= Description of the task =
Take the lines below from the one with "This is a wind-up" through the one with "Now there you" and print only them, exactly. Don't print the pictures.

[Data extracted from a collection]
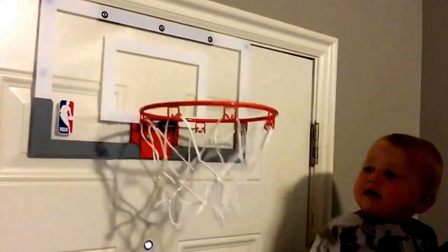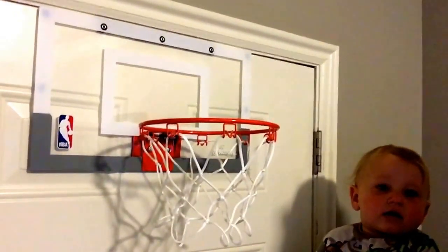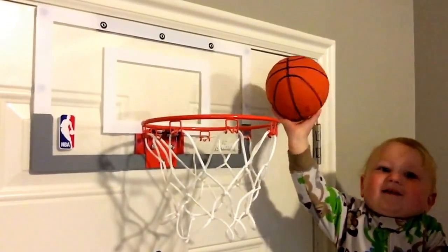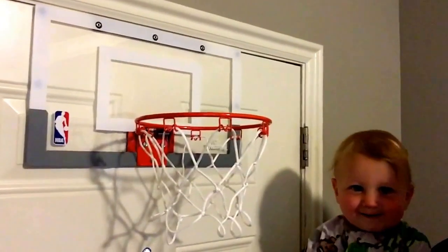We're playing basketball here with our Spalding NBA basketball hoop breakaway round case. Do it. Make it. What are you doing, a no-look shot? You're doing a no-look shot. How'd you do that?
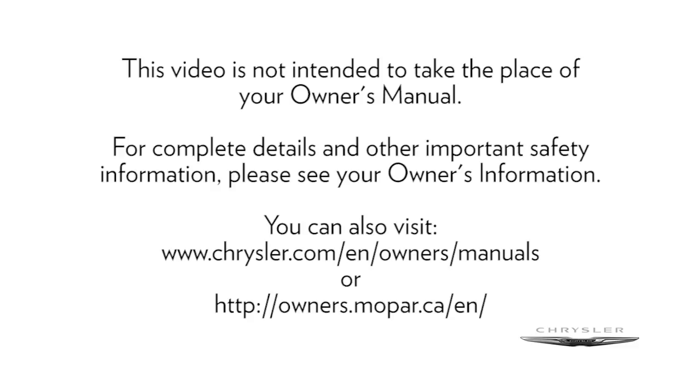This video is not intended to take the place of your Owner's Manual. For complete details and other important safety information, please see your Owner's Information.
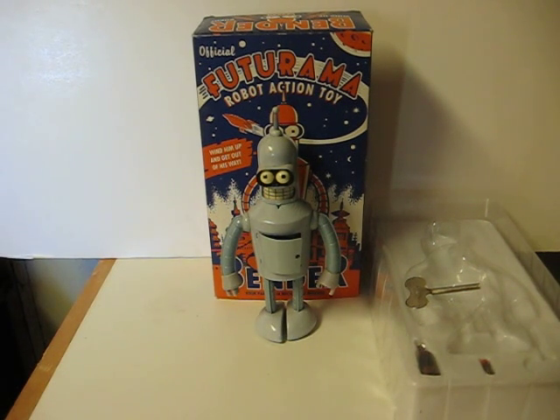This is a wind-up Bender from Futurama. He's going up for sale, and this is just a quick demonstration to show how he works. He's missing the handle on his access hatch.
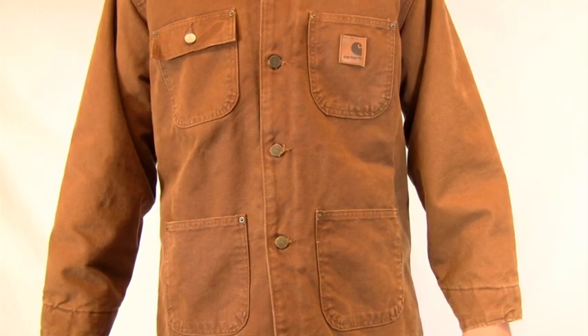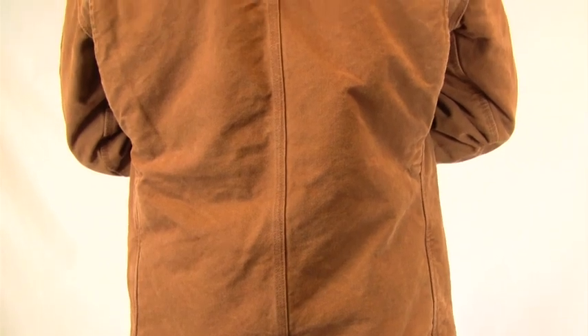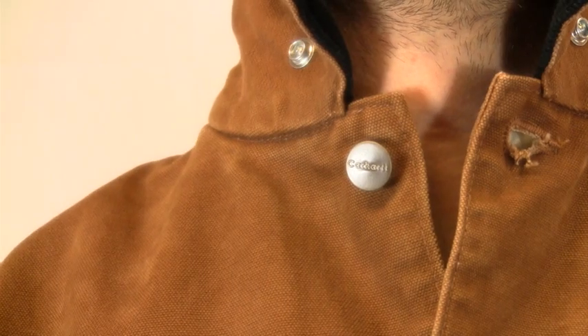There's plenty of pockets for storing tools or personal items, a split back construction, and pleated bi-swing back for enhanced movement. The corduroy trimmed collar is classy with snaps for an optional hood.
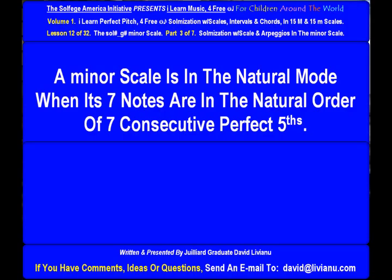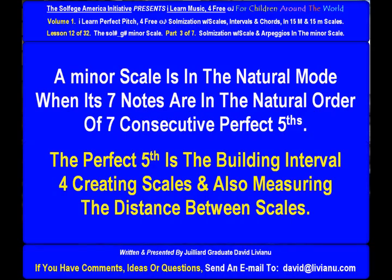A minor scale is in the natural mode when its seven notes are in the natural order of seven consecutive perfect fifths. The perfect fifth is the building interval for creating scales and also measuring the distance between scales.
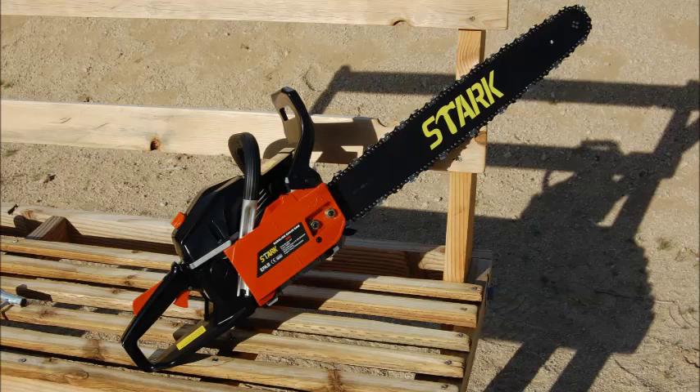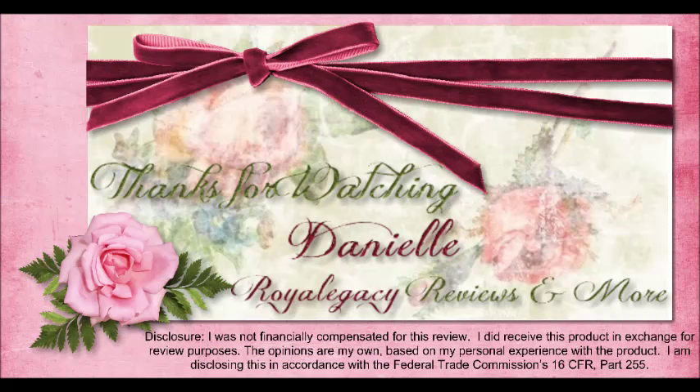Now there you have it. The Extreme Power US chainsaw with its 22-inch cutting blade length does win the approval of my husband, and he is very happy with his new machine to help with his work. Thanks so much for listening.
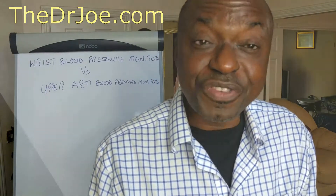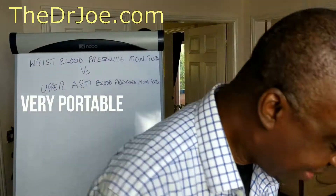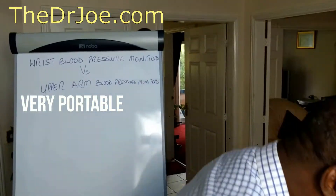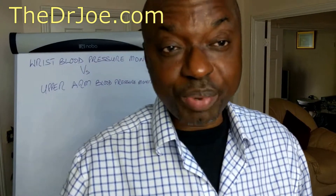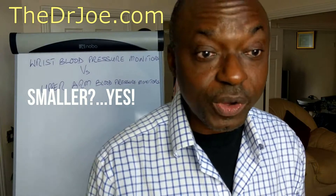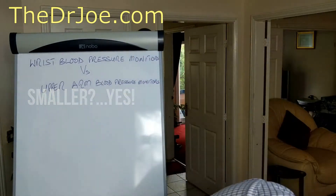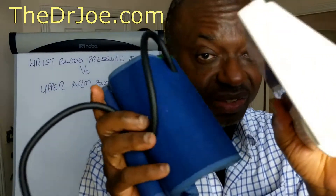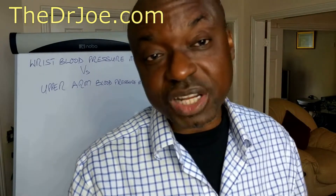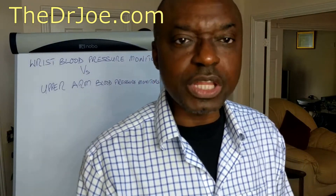The second positive is they are very portable because they are smaller than the upper arm monitors. They're very easy to fit into your bag and off you go. If you're traveling, you can take them along with you. That is not to say the upper arm monitors are bulky — they're also easy to carry around — but in comparison, the wrist monitors are smaller.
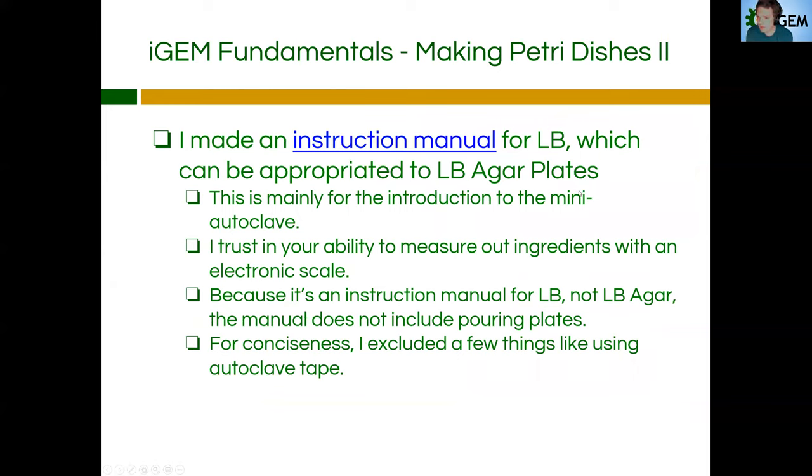I made an instruction manual for making LB broth — not LB agarose for plates — which can be appropriated to make LB agarose plates. The only difference between making LB broth and LB agarose is that you add a certain amount of agarose, which is found in the lab manual. I highly recommend, if you're unfamiliar with the procedure or some of the equipment, or how to use a gram scale, go to the description of this video, find the PowerPoint presentation, and click the link — it will take you to a PDF instruction manual I made. It's pretty detailed, though I did omit a few things for conciseness, like I didn't include using the autoclave tape. Autoclave tape is not required but it's a very useful diagnostic tool to figure out if your autoclaving was successful. And just don't forget to add that agarose if you're making LB agarose for plates.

= Answer area =
This is a wind-up Bender from Futurama. He's going up for sale, and this is just a quick demonstration to show how he works. He's missing the handle on his access hatch.
There's plenty of pockets for storing tools or personal items, a split back construction, and pleated bi-swing back for enhanced movement. The corduroy trimmed collar is classy with snaps for an optional hood.
A minor scale is in the natural mode when its seven notes are in the natural order of seven consecutive perfect fifths. The perfect fifth is the building interval for creating scales and also measuring the distance between scales.
Now there you have it. The Extreme Power US chainsaw with its 22-inch cutting blade length does win the approval of my husband, and he is very happy with his new machine to help with his work. Thanks so much for listening.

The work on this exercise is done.